Inference and Simulation

class: center, middle, inverse, title-slide

# Inference and Simulation
## EC 607, Set 04
### Edward Rubin

---

class: inverse, middle

# Prologue

---
name: schedule

# Schedule

### Last time

The *CEF* and least-squares regression

### Today

Inference
 .note[Read] *MHE* 3.1

### Upcoming

Lab (as usual) on Friday.
 Problem set 001 due April 7.it[th]
 Class project, step 1 due on April 15.it[th]

---
layout: true

# Inference

---
class: inverse, middle

---
name: why

## Why?

.qa[Q] What's the big deal with inference?

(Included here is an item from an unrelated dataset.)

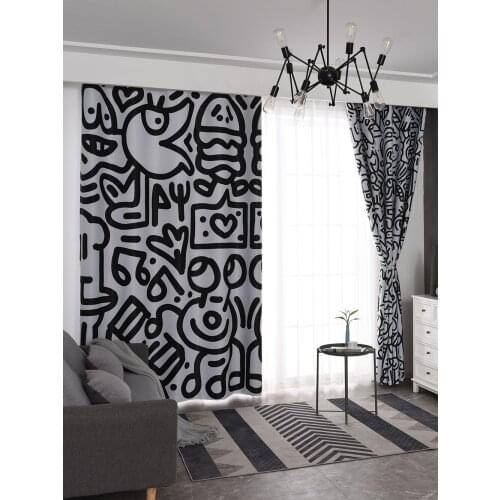 Luxury Black and White Curtains Fashion Mrdoodle Ins Cortinas for Living Room Bedroom Blackout Heat Protection Curtain Drapes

.qa[A] We rarely know the CEF or the population (and its regression vector).

We *can* draw statistical inferences about the population using samples.

.attn[Important] The issue/topic of *statistical inference* is separate from *causality*.

Separate questions

1. How do we interpret the estimated coefficient `$\hat{\beta}$`?
2. What is the sampling distribution of `$\hat{\beta}$`?

---
name: ols

## Moving from population to sample

.attn[Recall] The population-regression function gives us the best linear approximation to the CEF.

We're interested in the (unknown) population-regression vector
$$
`\begin{align}
  \beta = \mathop{E}\nolimits\left[ \text{X}_{i} \text{X}_{i}' \right]^{-1} \mathop{E}\left[ \text{X}_{i} \text{Y}_{i} \right]
\end{align}`
$$
--
which we estimate via the ordinary least squares (OLS) estimator.super[.pink[†]]
$$
`\begin{align}
  \hat{\beta} = \left( \sum_i \text{X}_{i}\text{X}_{i}' \right)^{-1} \left( \sum_i \text{X}_{i} \text{Y}_{i} \right)
\end{align}`
$$

.footnote[.pink[†]
*MHE* presents a method-of-moments motivation for this derivation, where `$\dfrac{1}{n}\sum_i \text{X}_{i} \text{X}_{i}'$` is our sample-based estimated for `$\mathop{E}\left[ \text{X}_{i}\text{X}_{i}' \right]$`. You've also seen others, _e.g._, minimizing MSE of `$\text{Y}_{i}$` given `$\text{X}_{i}$`.
]

---

## A classic

However you write it, this OLS estimator
$$
`\begin{align}
  \hat{\beta}
  &= \left( \text{X}^\prime \text{X} \right)^{-1} \text{X}^\prime \text{y} \\
  &= \left( \sum_i \text{X}_{i}\text{X}_{i}' \right)^{-1} \left( \sum_i \text{X}_{i} \text{Y}_{i} \right) \\
  &= \beta + \left[ \sum_i \text{X}_{i}\text{X}_{i}' \right]^{-1} \sum_i \text{X}_{i}e_i
\end{align}`
$$
is the same estimator you've been using since undergrad.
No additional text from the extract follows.